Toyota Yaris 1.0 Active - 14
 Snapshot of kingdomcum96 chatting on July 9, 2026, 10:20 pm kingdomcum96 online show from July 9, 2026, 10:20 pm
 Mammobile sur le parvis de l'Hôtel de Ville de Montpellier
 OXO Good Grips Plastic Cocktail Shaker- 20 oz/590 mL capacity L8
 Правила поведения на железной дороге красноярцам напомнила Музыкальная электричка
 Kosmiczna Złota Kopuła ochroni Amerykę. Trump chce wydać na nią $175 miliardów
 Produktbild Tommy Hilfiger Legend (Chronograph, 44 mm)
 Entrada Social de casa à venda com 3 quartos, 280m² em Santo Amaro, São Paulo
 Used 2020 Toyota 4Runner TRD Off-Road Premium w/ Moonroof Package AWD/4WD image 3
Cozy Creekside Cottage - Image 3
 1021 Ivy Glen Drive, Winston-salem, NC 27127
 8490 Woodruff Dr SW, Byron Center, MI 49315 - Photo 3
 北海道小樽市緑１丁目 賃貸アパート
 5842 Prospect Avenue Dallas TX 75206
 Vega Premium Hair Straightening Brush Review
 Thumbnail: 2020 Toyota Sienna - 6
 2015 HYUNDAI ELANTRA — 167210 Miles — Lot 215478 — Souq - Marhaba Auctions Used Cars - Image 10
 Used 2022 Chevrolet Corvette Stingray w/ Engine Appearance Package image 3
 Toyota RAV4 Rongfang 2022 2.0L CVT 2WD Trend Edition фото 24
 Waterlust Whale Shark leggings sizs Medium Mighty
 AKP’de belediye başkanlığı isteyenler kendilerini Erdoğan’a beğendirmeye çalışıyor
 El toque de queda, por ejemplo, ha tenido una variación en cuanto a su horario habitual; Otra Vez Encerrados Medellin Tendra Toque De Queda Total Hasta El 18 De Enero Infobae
════════════════
What is needed is a word-for-word copy of all the records above.

Toyota Yaris 1.0 Active - 14
 Snapshot of kingdomcum96 chatting on July 9, 2026, 10:20 pm kingdomcum96 online show from July 9, 2026, 10:20 pm
 Mammobile sur le parvis de l'Hôtel de Ville de Montpellier
 OXO Good Grips Plastic Cocktail Shaker- 20 oz/590 mL capacity L8
 Правила поведения на железной дороге красноярцам напомнила Музыкальная электричка
 Kosmiczna Złota Kopuła ochroni Amerykę. Trump chce wydać na nią $175 miliardów
 Produktbild Tommy Hilfiger Legend (Chronograph, 44 mm)
 Entrada Social de casa à venda com 3 quartos, 280m² em Santo Amaro, São Paulo
 Used 2020 Toyota 4Runner TRD Off-Road Premium w/ Moonroof Package AWD/4WD image 3
Cozy Creekside Cottage - Image 3
 1021 Ivy Glen Drive, Winston-salem, NC 27127
 8490 Woodruff Dr SW, Byron Center, MI 49315 - Photo 3
 北海道小樽市緑１丁目 賃貸アパート
 5842 Prospect Avenue Dallas TX 75206
 Vega Premium Hair Straightening Brush Review
 Thumbnail: 2020 Toyota Sienna - 6
 2015 HYUNDAI ELANTRA — 167210 Miles — Lot 215478 — Souq - Marhaba Auctions Used Cars - Image 10
 Used 2022 Chevrolet Corvette Stingray w/ Engine Appearance Package image 3
 Toyota RAV4 Rongfang 2022 2.0L CVT 2WD Trend Edition фото 24
 Waterlust Whale Shark leggings sizs Medium Mighty
 AKP’de belediye başkanlığı isteyenler kendilerini Erdoğan’a beğendirmeye çalışıyor
 El toque de queda, por ejemplo, ha tenido una variación en cuanto a su horario habitual; Otra Vez Encerrados Medellin Tendra Toque De Queda Total Hasta El 18 De Enero Infobae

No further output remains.